Although much data support the observation that aspirin damages the gastrointestinal mucosa [7], thienopyridine derivatives such as clopidogrel do not damage the mucosa as far as is known. Yet, Kim et al. reported that in terms of re-bleeding, there was no difference among aspirin users, clopidogrel users, and dual antiplatelet users, an observation that could be explained by the healing effect of proton pump inhibitors (PPI) especially in the case of aspirin, which evens the bleeding risk between aspirin and thienopyridine, a worthy topic for future studies.

Another discussion point is the fact that second-look endoscopy (SLE) was performed in all cases. In a previous study from our group using patients with artificial ulcers that formed after gastric endoscopic submucosal dissection (ESD), second-look endoscopy was not necessary [8]. Although the situation between artificial ulcers and PUs might be different, there is another concern of cost-effectiveness even in the case of PUs, since performance of SLE was only cost-effective after therapeutic endoscopy if the risk of re-bleeding was >31 % according to one study [9]. Furthermore, our study revealed that SLE group showed a higher re-bleeding rate than non-SLE group (5.4 vs. 3.8 %) [8]. Endoscopic insertion in and of itself might induce re-bleeding, leaving us to conclude that SLE even in the case of PUB should be reserved for patients in whom re-bleeding is strongly suspected by clinical or by laboratory data. Further discussion on significance of SLE is necessary, especially in patients with high re-bleeding risks, including CKD.

Kim et al. further revealed that the resumption of antiplatelet drug should occur after 3 days following the index endoscopy. According to Japanese guidelines, after temporary withdrawal of antithrombotic therapy, the same regimen should be re-established as soon as hemostasis has been confirmed [10], although ongoing monitoring for signs of bleeding is required after resumption. Since immediate resumption of antithrombotic therapy after gastroenterological endoscopic procedures might increase the risk of post-procedural bleeding for >2 weeks after the procedure, it is important to ensure that the patient is fully informed of these risks prior to giving written consent. Although Kim et al. recommended delaying the resumption of antithrombotic therapy until 3 days after achieving hemostasis, in patients with elevated thromboembolic risk factors, earlier resumption of antithrombotic therapy in the presence of frequent clinical and laboratory monitoring for re-bleeding appears to be an acceptable alternative. The timing of resumption of antithrombotic therapy after achieving hemostasis is also worthy of further study in which re-bleeding and thromboembolic risk are considered.

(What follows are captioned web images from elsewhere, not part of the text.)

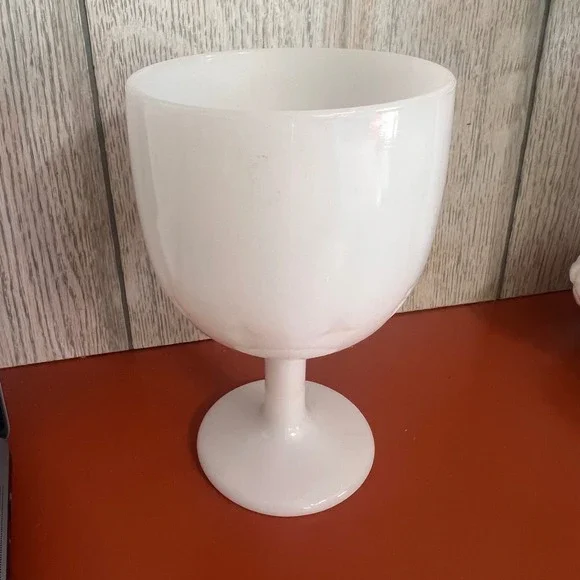 Vintage Milk Glass Goblet White Star Embossed‎ Pedestal Chalice Water Wine Glass
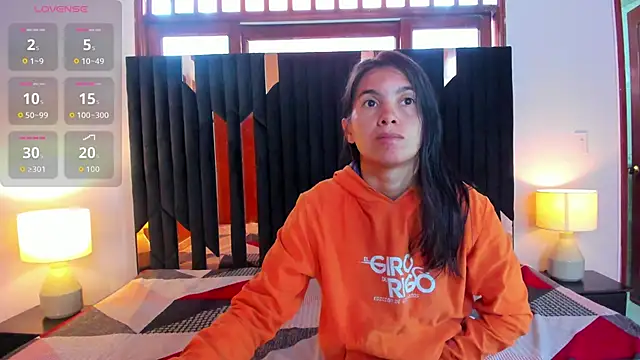 Sofy and Mia online show from 11/13/25, 12:31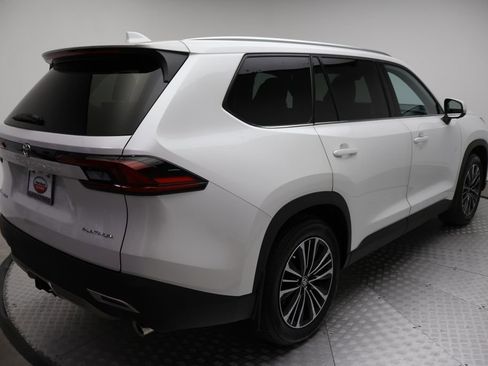 Certified 2026 Toyota Grand Highlander AWD Hybrid image 8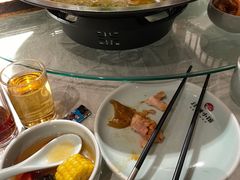 -江城小馆陕南妈妈菜·全球旅行餐厅(钟楼店)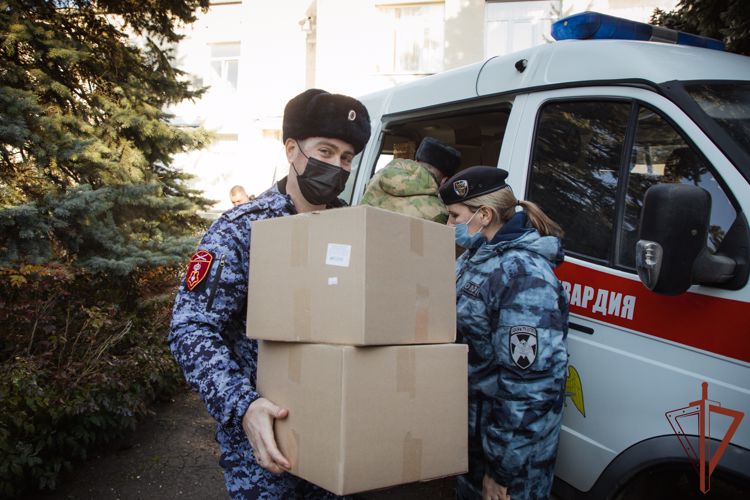 Дед Мороз специального назначения поздравил с наступающим Новым годом крымских школьников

In conclusion, risks of re-bleeding after successful endoscopic hemostasis are similar between aspirin, clopidogrel, and their combination in the PPI era, although the re-bleeding rate of antiplatelet drug users was significantly higher than that of nonusers. CKD is a major risk factors for re-bleeding after endoscopic hemostasis according to epidemiological studies [4, 5] which await confirmation by randomized clinical trials.